Records from a data collection
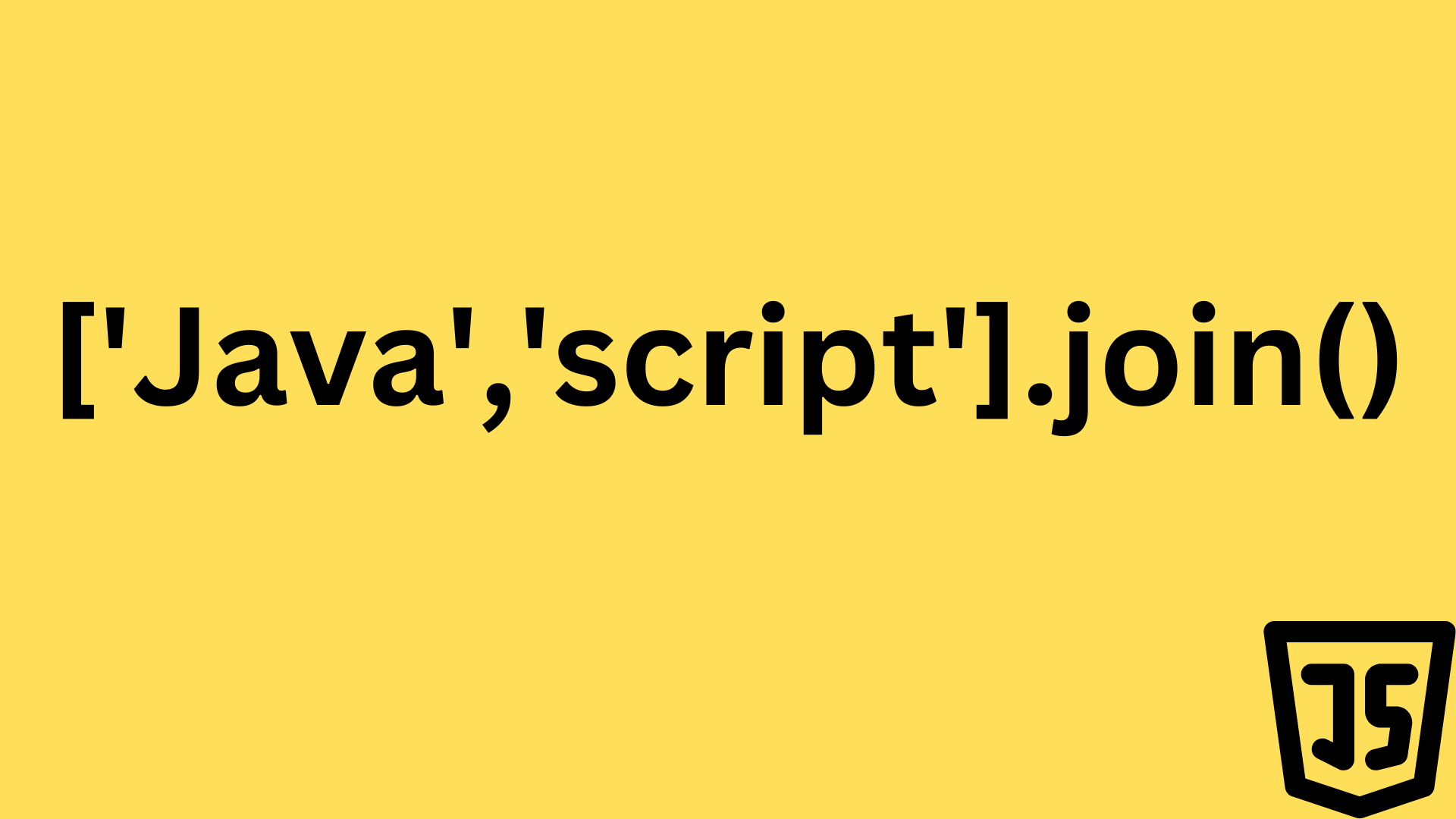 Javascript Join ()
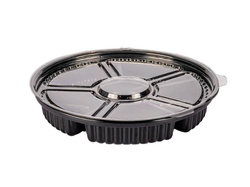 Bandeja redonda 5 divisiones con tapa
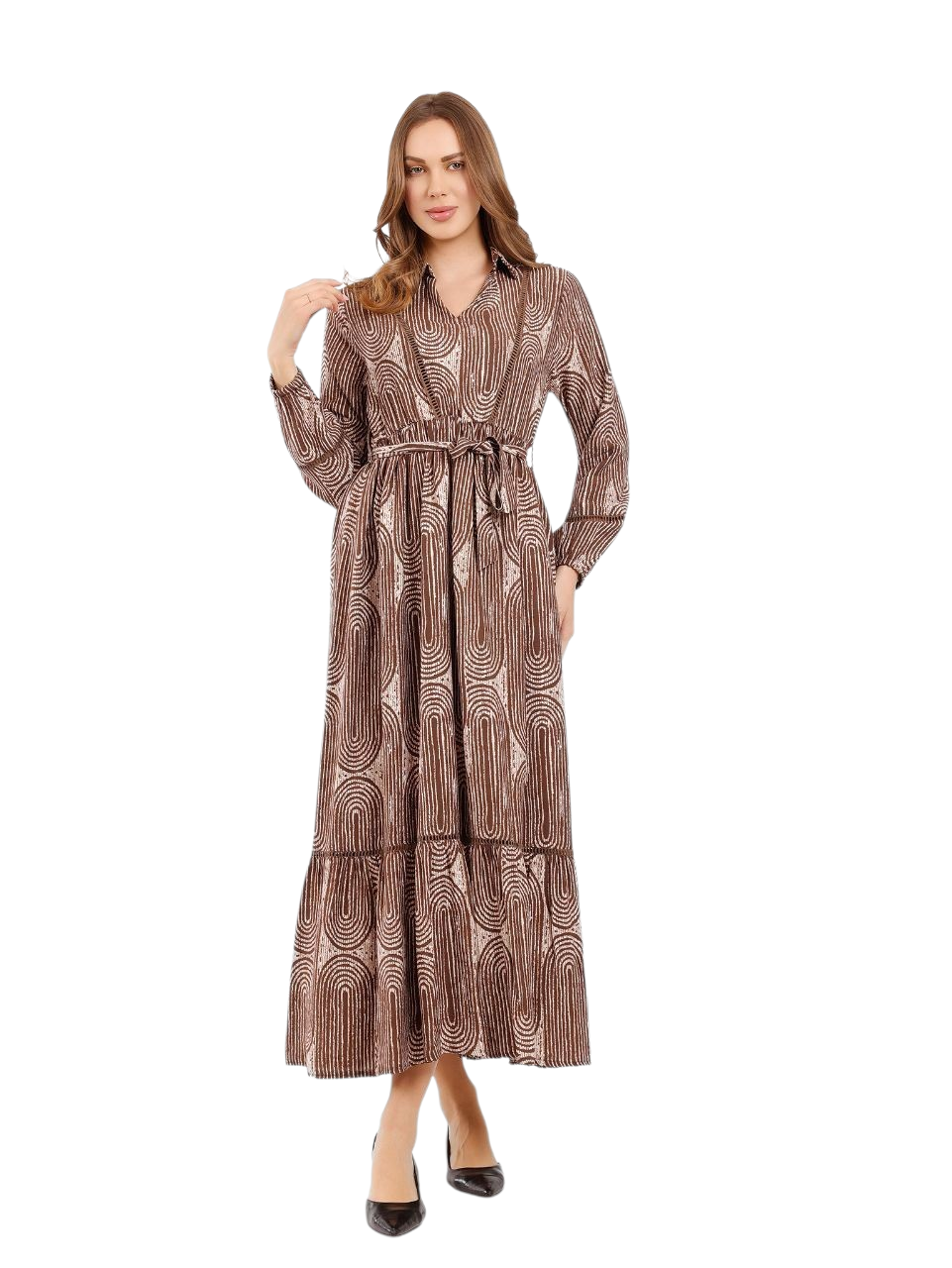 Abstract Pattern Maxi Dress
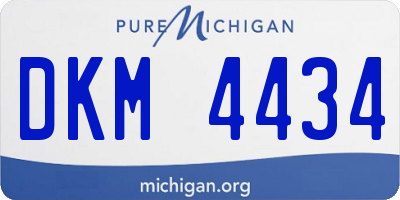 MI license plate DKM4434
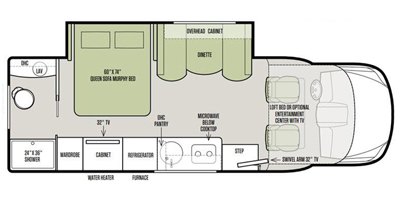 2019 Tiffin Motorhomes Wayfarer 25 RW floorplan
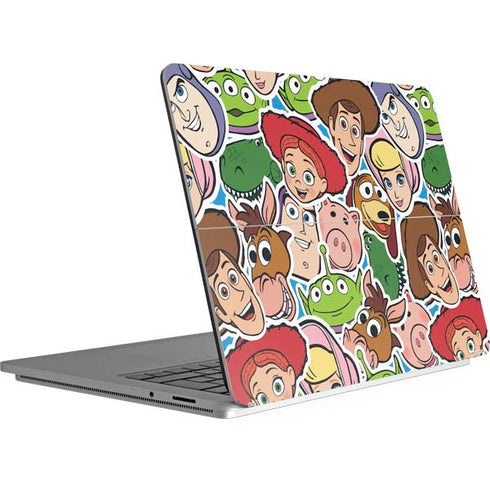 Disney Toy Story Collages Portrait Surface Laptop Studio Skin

* _TASK TO COMPLETE_
The required answer is the lines from the one that contains "MI license plate DKM4434" through the last line of the records, restated word for word, with every picture dropped.

* _SOLVED EXERCISE_
 MI license plate DKM4434
 2019 Tiffin Motorhomes Wayfarer 25 RW floorplan
 Disney Toy Story Collages Portrait Surface Laptop Studio Skin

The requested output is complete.